To date, having lost the White House, the Senate, and the House – all of which it controlled only four years ago – the Republicans have been able to limit themselves to condemning the Biden administration. But with control of Congress restored, the GOP will have to do more than condemn. It will have to articulate alternatives.

That will not prove easy for such a splintered Party.

On taxes, health care, aid to Ukraine, abortion, and many other issues, there is no “Republican position.”  Instead, there are conflicting Republican positions. The only issues where any semblance of Party unity exists are crime (which is largely addressed at the local level) and inflation (which is largely managed by the Federal Reserve).

The absence of a coherent set of policies is not accidental. It stems from the fact that there are deep philosophical fissures within the Party.

For over a century, the Republican Party has been the home of conservatism, a political philosophy embracing limited government and free enterprise at home, and a strong military to protect the national interest abroad.  In addition to its substance, there is a conservative style. A hallmark of conservatism has been its optimism personified by Ronald Reagan, a man who appeared to harbor no doubt that his side would eventually prevail and, perhaps for that very reason, no bitterness toward his opponents.

The modern Republican Party is having second thoughts about both the conservative philosophy and style.

In a much discussed article published on the Federalist website, John Davidson argues that “we need to stop calling ourselves conservatives.”  In place of small government, Davidson wants Republicans to be the party of big government.  “If conservatives want to save the country they are going to have to rebuild and in a sense re-found it, and that means getting used to the idea of wielding power, not despising it.   Why?
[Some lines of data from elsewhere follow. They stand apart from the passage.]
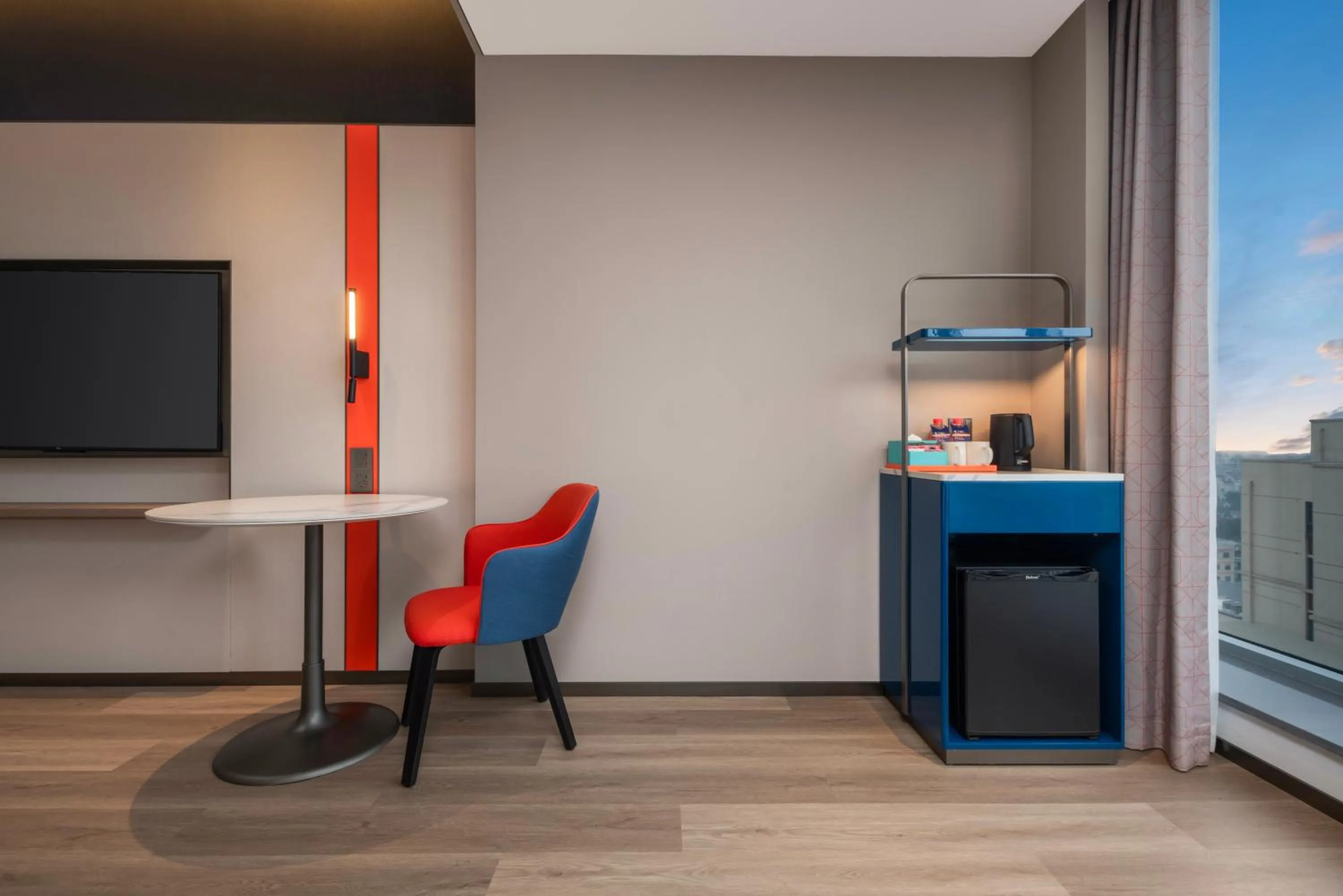 oven in Holiday Inn Express Mianyang Sci-Tech City by IHG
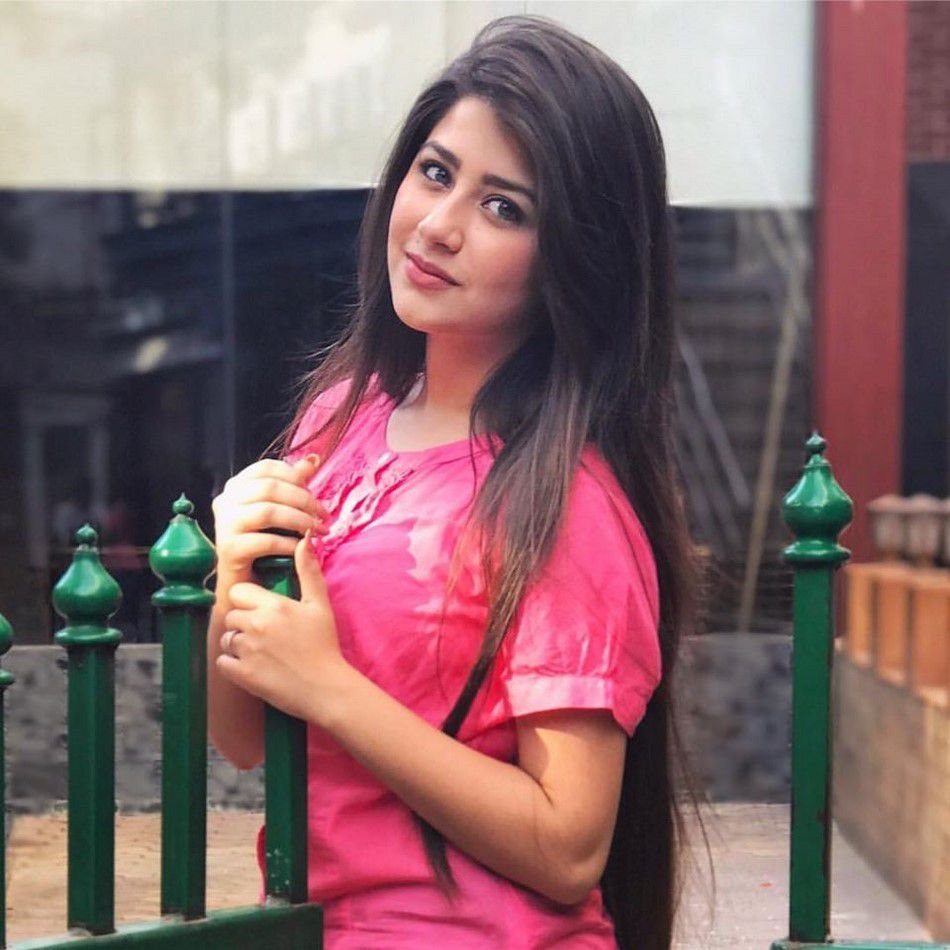 Aditi Bhatia Age, Family, Husband, Serial, Biography 11 Aditi Bhatia Photos (3)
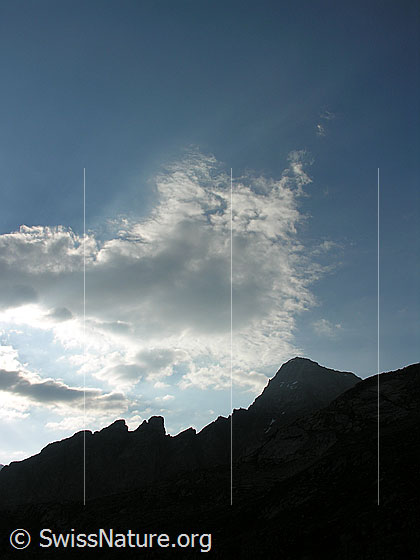 Foto: Im Mättital. Morgenstimmung über der Vordere Helse.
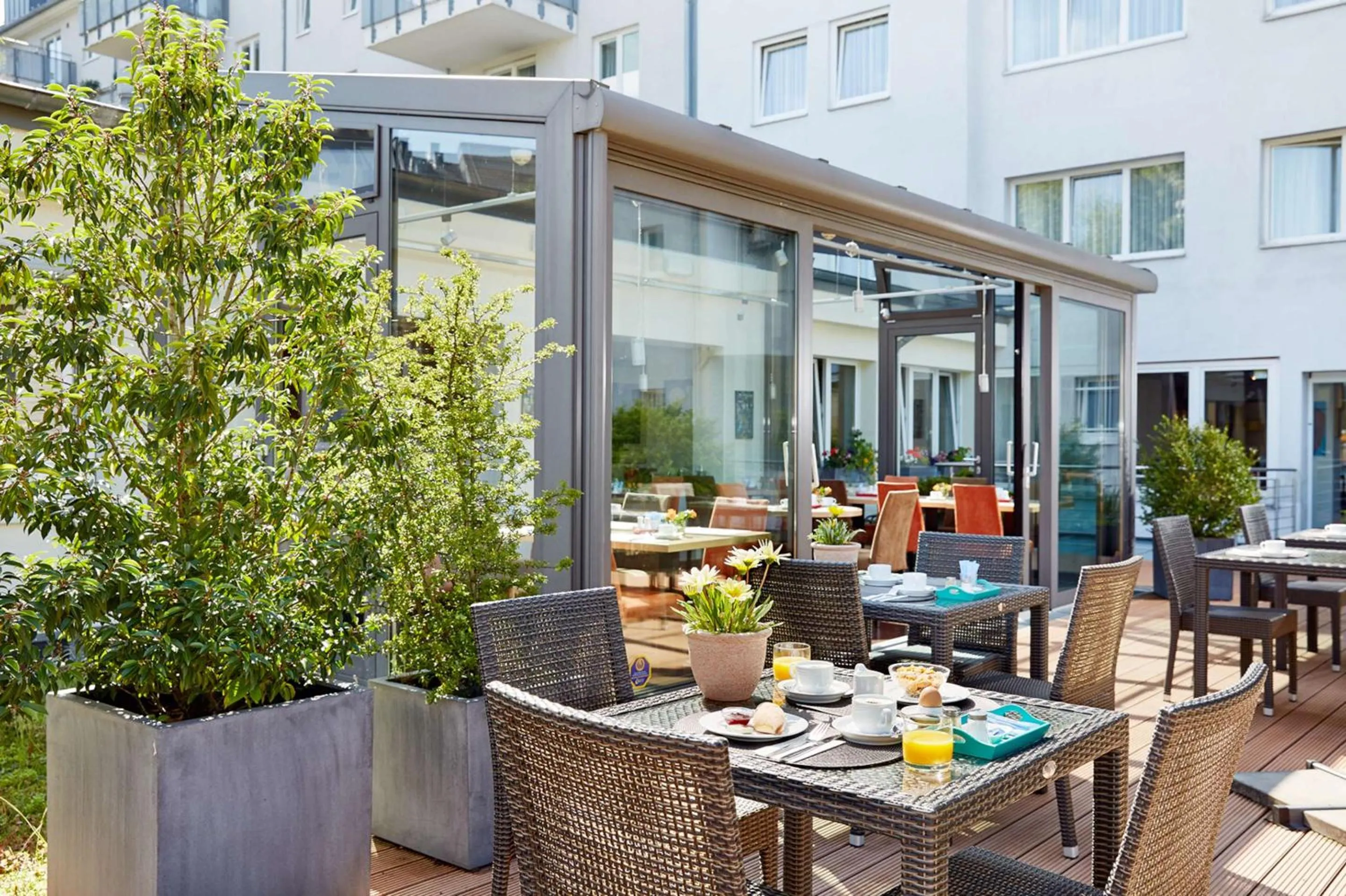 Food and drinks in Hotel Imperial Düsseldorf Superior - Sure Collection by Best Western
Because accommodation or compromise with the left is impossible.”  He goes on:

The left will only stop when conservatives stop them, which means conservatives will have to discard outdated and irrelevant notions about “small government.” The government will have to become, in the hands of conservatives, an instrument of renewal in American life — and in some cases, a blunt instrument indeed.

In place of free enterprise and strong foreign policy, Davidson urges conservatives to terminate their alliance with “market-obsessed libertarians and foreign policy neocons.”

In place of Reagan’s sunny optimism, Davidson offers this bleak assessment: “The conservative project has largely failed…. It was about maintaining traditions and preserving Western civilization …. Well, too late. Western civilization is dying.”

It should be noted that John Davidson is not some fringe pundit venting in some extreme media outlet. The Federalist is a serious “conservative” publication, whose website garners about 5 million visits per month. His contentions are receiving serious consideration.

The Republican Party faces an identity crisis. What does the Party stand for? What is its vision of the future?

As long as the Party was out of power, it could avoid answering those questions. That luxury will likely end on the night of November 8 as the election results pour in.